Aldo yang masih memejamkan matanya, seketika duduk dengan tegap. "Kita harus bekerja sama!" sahutnya, dan menunjukkan wajah keseriusannya untuk memberikan sebuah rencana. "Pertama, kita harus mencari benda-benda yang berguna di tempat ini... sebagai senjata melawan para zombie di luar, dan semuanya harus siap tanpa mengenal rasa takut lagi," Aldo melanjutkan perkataannya.
Sementara Dosen Efri, menyetujui rencana Aldo. "Setuju! Tapi... sebelumnya, kita harus beristirahat, karena hari sudah mulai gelap!" seru Efri, dan para mereka mengangguk mengerti. "Kita lanjutkan pertempuran melawan makhluk itu, besok pagi."
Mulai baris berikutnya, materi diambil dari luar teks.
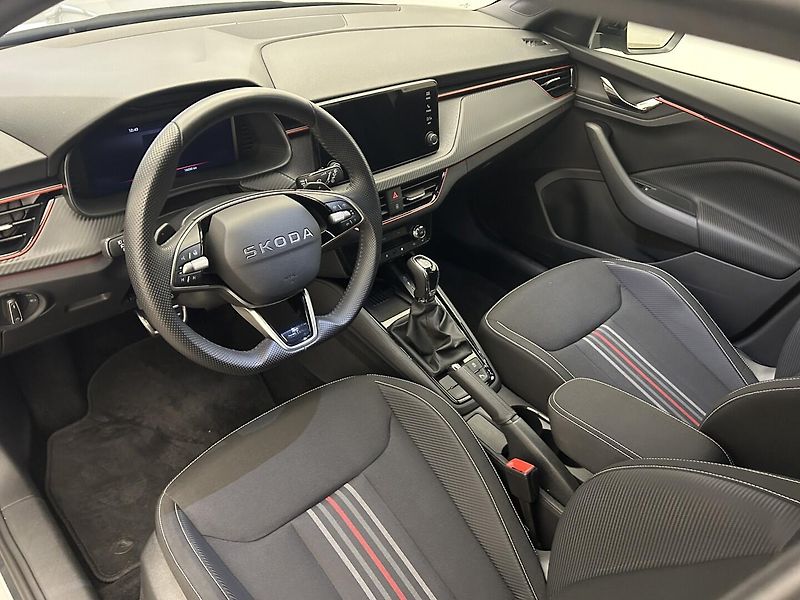 Škoda Scala 1.5 TSI Monte Carlo - fotka 6 z 24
Efri melirik ke arah Alvin dan Aldo, menyuruh mereka untuk ikut mencari benda-benda yang ada di sudut ruangan gudang tersebut. "Alvin, Aldo, kalian berdua ikut Saya! Kita cari, benda-benda yang berguna disana!" seru Efri, memerintahkan mereka. Dia pun tidak lupa, menyuruh Eric, berjaga-jaga di dekat pintu gudang. "Dan kamu Eric, tetap berjaga disitu sambil menjaga teman-temanmu yang lain serta Bu Anggun," Efri melanjutkan perkataannya.
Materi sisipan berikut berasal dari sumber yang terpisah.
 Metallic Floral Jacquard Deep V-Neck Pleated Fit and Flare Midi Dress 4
Alvin, Aldo serta Dosen Efri bergegas menuju sudut ruangan yang gelap itu dengan langkah pelan, supaya para zombie diluar tidak mendengarkan langkah mereka di dalam gudang. Sementara Eric berjaga-jaga di balik pintu, dan teman-temannya serta Dosen Anggun berusaha untuk istirahat dalam kondisi yang semakin mencekam, suara geraman zombie terus terdengar pada telinga mereka.
Sementara di sisi lain, di perbatasan kota Plaguehart, markas militer berada disana. Ada ratusan orang yang berhasil selamat dari wabah zombie, mereka melakukan karantina diri pada tempat yang telah dilengkapi dengan barikade dan penjaga ketat.
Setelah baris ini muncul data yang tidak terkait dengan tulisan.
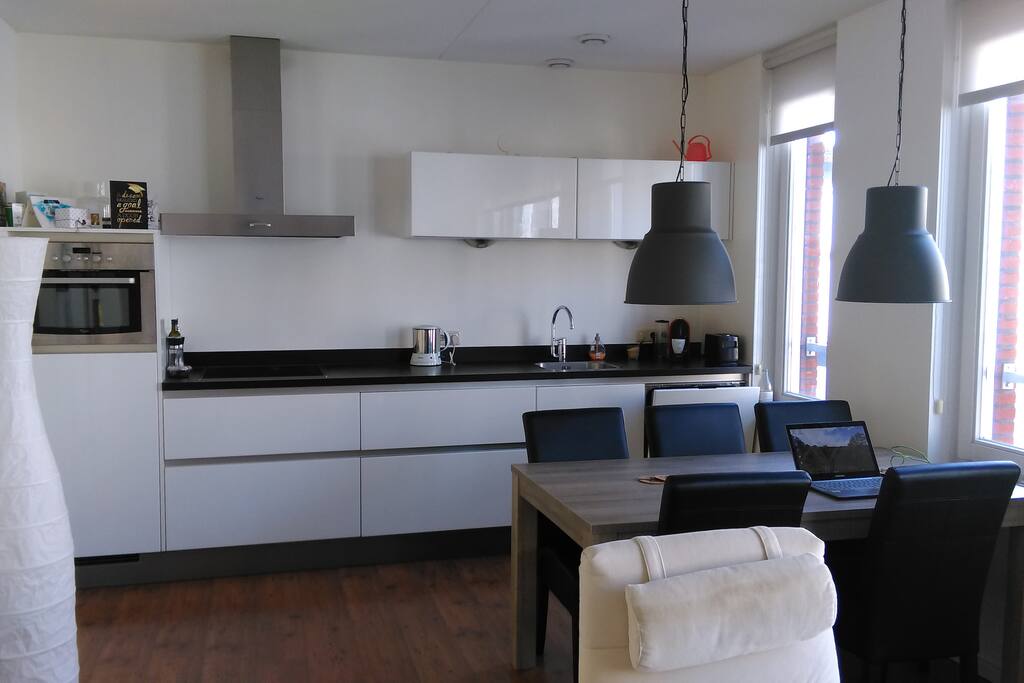 Keuken met kookplaat, elektrische oven/ magnetron, servies en vaatwasser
Di ruang komando, Sersan Arif berdiri dengan serius di depan peta kota yang besar, dikelilingi oleh enam anggotanya yang siap berangkat sambil memberikan arahan kepada salah satu tim khusus.
Dia memimpin tim khusus yang dijuluki dengan Red Dawn Battalion, terdiri dari Gio, Bryan, Leon, Jack, Wilona, dan Claudia. "Tim, kita akan segera masuk ke kota. Siapkan senjata dan perlengkapan kalian," perintah Arif dengan suara tegas, penuh wibawa.
Arif menatap peta kota yang terhampar di meja besar. "Sebelum berangkat, kita akan melawati jalan utama, tapi harus memantau jalan-jalan kecil jika kita terjebak makhluk tersebut," kata Arif, dan melirik ke arah Gio, yang dikenal paling tegas dan berani. "Apa kau siap?" tanya Arif.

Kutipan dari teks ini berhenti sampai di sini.